Con il dopoguerra e l'avvento della Seconda Repubblica continua la dipendenza cinematografica dalla Germania e la ripresa produttiva non si accompagna a un vero e proprio rinnovamento culturale. Nonostante alcuni film di grande impegno politico come Die letzte Brücke (1954) di H. Käutner, o le opere sugli ebrei e su Hitler realizzate da G. W. Pabst al suo rientro in A., il mercato è dominato dai remake del Wiener film (in cui si segnala F. Antel), che tocca il suo apice con la trilogia di Sissi (1955-57).
Mentre la Wien Film rimane di proprietà tedesca fino al 1955, il governo si dimostra incapace di attuare qualsiasi politica cinematografica di pianificazione e sviluppo. Così, terminata la congiuntura favorevole del dopoguerra, il cinema austriaco entra in una profonda crisi che dalla fine degli anni Cinquanta si protrarrà per oltre un decennio, rischiando addirittura l'estinzione. Mentre la paralisi dell'industria non concede spazi ai giovani cineasti, fiorisce, dai primi anni Cinquanta, una pratica di cinema sperimentale in cui si distinguono P. Kubelka e K. Kren. L'avvio di un nuovo corso si avrà, tuttavia, soltanto a partire dalla seconda metà degli anni Settanta, con la ripresa, anche se debole, dell'assistenza statale alla produzione.
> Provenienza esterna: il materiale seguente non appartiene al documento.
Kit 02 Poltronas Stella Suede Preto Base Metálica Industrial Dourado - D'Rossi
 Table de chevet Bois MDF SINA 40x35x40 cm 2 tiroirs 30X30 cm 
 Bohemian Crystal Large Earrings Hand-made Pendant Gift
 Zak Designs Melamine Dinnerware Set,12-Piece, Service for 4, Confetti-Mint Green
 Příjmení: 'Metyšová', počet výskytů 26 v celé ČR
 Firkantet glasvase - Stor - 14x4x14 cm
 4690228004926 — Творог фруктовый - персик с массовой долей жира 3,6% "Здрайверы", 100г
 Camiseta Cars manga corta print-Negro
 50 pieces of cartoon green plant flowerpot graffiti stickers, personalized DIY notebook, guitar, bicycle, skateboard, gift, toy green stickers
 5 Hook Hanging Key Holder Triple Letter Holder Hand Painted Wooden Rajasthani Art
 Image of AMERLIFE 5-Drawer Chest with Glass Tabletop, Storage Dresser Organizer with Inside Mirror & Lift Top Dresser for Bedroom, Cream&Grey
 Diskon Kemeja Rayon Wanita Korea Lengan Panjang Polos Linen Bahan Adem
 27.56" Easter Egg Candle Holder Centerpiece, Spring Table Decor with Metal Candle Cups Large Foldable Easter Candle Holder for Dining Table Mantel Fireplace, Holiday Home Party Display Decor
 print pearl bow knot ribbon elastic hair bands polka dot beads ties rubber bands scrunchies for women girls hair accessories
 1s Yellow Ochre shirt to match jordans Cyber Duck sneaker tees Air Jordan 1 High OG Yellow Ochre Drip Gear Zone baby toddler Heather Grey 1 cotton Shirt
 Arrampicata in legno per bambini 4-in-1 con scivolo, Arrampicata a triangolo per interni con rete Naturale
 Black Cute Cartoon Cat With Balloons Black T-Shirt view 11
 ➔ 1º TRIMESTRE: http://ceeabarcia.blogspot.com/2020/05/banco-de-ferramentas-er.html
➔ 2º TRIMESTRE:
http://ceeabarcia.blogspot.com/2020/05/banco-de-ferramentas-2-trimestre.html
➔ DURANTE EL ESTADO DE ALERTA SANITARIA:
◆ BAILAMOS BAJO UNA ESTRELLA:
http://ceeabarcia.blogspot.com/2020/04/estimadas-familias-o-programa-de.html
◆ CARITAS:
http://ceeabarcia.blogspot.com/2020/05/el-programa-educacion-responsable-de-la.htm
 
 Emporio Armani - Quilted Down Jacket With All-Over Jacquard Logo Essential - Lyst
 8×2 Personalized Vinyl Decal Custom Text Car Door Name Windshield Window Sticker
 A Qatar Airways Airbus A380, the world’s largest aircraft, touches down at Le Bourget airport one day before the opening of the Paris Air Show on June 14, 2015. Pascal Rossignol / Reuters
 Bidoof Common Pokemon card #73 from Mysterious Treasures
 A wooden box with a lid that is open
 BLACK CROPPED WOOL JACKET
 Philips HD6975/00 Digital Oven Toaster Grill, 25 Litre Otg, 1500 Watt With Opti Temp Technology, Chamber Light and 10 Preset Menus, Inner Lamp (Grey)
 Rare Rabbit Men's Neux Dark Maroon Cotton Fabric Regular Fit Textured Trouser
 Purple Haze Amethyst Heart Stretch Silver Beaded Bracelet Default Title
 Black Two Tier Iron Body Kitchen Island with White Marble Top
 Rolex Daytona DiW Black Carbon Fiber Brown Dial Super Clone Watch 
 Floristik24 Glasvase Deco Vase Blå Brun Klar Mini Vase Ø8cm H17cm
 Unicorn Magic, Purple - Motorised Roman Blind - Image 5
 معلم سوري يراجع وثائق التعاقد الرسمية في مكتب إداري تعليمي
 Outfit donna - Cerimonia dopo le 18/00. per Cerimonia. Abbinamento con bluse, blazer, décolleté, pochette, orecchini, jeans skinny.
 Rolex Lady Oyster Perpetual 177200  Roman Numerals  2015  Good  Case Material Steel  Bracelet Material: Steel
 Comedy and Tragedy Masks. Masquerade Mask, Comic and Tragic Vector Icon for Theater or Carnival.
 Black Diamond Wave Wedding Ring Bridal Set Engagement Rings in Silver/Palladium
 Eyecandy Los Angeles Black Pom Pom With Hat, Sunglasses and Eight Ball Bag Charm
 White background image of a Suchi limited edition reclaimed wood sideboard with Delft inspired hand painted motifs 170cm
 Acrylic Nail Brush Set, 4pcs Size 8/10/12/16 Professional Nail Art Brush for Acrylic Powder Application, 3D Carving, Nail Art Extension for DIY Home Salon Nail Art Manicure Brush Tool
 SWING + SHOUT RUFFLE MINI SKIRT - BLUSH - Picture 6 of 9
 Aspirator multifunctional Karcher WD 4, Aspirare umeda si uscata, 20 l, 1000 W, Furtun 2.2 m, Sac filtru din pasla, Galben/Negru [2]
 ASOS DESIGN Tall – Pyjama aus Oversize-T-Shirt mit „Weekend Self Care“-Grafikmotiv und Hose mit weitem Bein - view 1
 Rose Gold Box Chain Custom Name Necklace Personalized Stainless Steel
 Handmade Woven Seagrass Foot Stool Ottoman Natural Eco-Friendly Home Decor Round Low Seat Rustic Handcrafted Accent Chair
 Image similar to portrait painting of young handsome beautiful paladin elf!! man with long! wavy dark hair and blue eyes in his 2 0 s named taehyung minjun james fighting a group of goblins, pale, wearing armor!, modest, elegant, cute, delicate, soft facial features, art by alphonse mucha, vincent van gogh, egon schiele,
Nel 1981 entra finalmente in vigore la tanto attesa legge sulla cinematografia, che definisce in particolare il sistema delle sovvenzioni governative. Fondi statali e televisione del resto costituiscono le uniche possibilità produttive in un paese caratterizzato dall'assenza di un'industria cinematografica privata e dallo scarto, endemico, tra risorse creative e loro utilizzazione economica. Oltre a queste difficoltà strutturali, i nuovi cineasti austriaci devono misurarsi con la mancanza di una effettiva tradizione cinematografica e di una precisa identità nazionale.
A tali carenze alcuni dei film più recenti cercano di rispondere rivisitando vecchi capitoli della storia austriaca (Wien Retour, 1983, di J. Aichholzer e R. Beckerman; Heindenlöcher, 1986, di W. Paulus; Welcome in Vienna, 1986, di A. Corti) o raccontando la contemporaneità e le sue contraddizioni (Kassbach, 1979, di P. Patzak; Die Augesperrten, 1982, di F. Novotny; Kopfstand, 1981, di E. J. Lauscher). Altro terreno privilegiato è la ripresa e la parodia del cinema di genere, come mostrano le opere di P. Patzak (Den tüchtigen gehört die Welt, 1981, e Strawanzer, 1983), di N. List (Muller Büro, 1986) e di X. Schwarzenberger (Donau-walzer, 1984).
Tra i nuovi autori segnalatisi in campo internazionale a partire dalla metà degli anni Settanta si possono inoltre citare W. Bannert, A. Lepeniotos, R. Dornhelm, K. Kino, T. Leber.
Bibl.: Aria di Vienna, a cura di L. Quaresima e A. M. Percavassi, Firenze 1986.